Well, it’s that kind of song, and sounds like it. It can work in mysterious ways. And frankly, by the time the Soweto Gospel Choir is done with the thing, there’s no appreciable difference between orgasm and that other rapture. So maybe it doesn’t matter.
It does remind me of the time we young-uns made the same mistake. It was 1968, and in the name of Relevance, which was a thing then, the pastor at Resurrection Lutheran thought the Young People should sing something contemporary in the front of the church. That’s what was happening then: people in custody of the finest choral works ever composed and one big kick-ass pipe organ decided that what the modern church really needed was some young pipple up there with guitars doing some sangin’. He left it up to us, and we were all over it. We put our heads together to decide what current relevant song we should sing and in our finite wisdom we came up with “Suzanne.” Leonard Cohen again: uh-oh.
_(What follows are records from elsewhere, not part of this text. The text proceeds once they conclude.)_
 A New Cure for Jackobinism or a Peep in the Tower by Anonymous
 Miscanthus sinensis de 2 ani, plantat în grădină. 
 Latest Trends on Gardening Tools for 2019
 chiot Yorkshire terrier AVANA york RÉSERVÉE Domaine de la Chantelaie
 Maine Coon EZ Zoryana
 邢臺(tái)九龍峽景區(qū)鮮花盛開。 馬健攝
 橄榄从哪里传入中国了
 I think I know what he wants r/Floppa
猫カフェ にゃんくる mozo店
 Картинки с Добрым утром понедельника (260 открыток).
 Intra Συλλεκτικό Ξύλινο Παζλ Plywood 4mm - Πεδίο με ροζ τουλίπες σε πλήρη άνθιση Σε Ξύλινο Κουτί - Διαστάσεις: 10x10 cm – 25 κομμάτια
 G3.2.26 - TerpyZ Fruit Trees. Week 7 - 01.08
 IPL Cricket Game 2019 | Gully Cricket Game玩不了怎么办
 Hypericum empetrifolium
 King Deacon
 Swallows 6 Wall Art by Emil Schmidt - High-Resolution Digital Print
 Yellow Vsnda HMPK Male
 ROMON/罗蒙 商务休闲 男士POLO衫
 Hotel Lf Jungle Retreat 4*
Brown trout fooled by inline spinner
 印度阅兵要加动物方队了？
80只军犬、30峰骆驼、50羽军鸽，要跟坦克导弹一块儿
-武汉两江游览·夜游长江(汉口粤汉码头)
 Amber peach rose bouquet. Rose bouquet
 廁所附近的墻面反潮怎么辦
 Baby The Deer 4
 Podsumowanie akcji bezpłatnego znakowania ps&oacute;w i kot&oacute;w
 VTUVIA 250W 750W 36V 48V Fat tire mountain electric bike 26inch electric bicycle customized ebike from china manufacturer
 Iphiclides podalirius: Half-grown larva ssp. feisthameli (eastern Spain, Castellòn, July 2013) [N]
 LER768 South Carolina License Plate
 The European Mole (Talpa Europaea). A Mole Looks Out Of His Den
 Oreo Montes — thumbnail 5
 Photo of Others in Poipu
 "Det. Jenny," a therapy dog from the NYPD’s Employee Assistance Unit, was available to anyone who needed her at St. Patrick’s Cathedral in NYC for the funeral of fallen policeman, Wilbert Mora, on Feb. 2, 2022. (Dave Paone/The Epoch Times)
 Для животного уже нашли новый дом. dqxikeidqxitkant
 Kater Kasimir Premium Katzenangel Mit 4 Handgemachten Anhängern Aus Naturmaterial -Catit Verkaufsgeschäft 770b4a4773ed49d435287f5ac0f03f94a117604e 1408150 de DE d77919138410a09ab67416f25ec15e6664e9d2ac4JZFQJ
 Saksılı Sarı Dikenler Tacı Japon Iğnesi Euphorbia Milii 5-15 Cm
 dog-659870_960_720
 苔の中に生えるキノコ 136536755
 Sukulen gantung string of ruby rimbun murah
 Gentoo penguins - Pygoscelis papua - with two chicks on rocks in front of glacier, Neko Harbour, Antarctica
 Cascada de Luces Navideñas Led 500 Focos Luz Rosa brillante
That was on the basis of the second verse, which is of course about Jesus, because that’s what Leonard Cohen writes about. Jesus, and sex. We padded up the nave with our guitars and sat on the steps leading up to the chancel in our Sunday bell-bottoms and hair beads, faced the congregation, and picked nervously through the opening E chord. Even though most of us were in the choir, we were a little nervous because we felt more exposed, but we crept timidly into the first verse just fine, which ends with the river answering we’d always been her lover, a word that had never once been uttered in that space. And then she touched our perfect body with her mind. And then we hauled Jesus into it, in a verse that must have been deep because we had no idea what Leonard Cohen meant by it, and damned if Jesus didn’t touch our perfect bodies with his mind, and we sort of petered out after that.
And this being church, there wasn’t going to be any applause, which might have helped at least put a punctuation point on the thing and let us go on with our lives, but instead we sort of drifted sheepishly down the side aisles, past the uncertain smiles of our elders. The pastor told us afterwards that it was very nice and then he gave the organist a raise. Nobody in the congregation had much to say about it, as I recall, but maybe they were thinking about Communion, when they got to touch His perfect body with their tongues.
I did at one time like “Hallelujah.” But it was completely ruined for me when Kate McKinnon sang it as Hillary Clinton the night that Trump was elected, especially the final verse:
I did my best, it wasn’t much
I couldn’t feel, so I tried to touch
I’ve told the truth, I didn’t come to fool you
And even though it all went wrong
I’ll stand before the Lord of Song
With nothing on my tongue but Hallelujah
Well, that is kind of funny.
Okay, I’ve seen it now, so I retract my statement. And evidently Leonard Cohen died the night before the election, too.
Barbara Scott, I wept when Kate M. sang that as the defeated Hillary. I thought it was poignant and magnificent and heartbreaking. Best cold opening to SNL ever.
Kate McKinnon is magnificent. I only see the occasional SNL skit when it’s shared because apparently I don’t stay up that late, except that I do…what am I doing then? Another personal favorite of mine was Matt Damon as Brett Kavanaugh.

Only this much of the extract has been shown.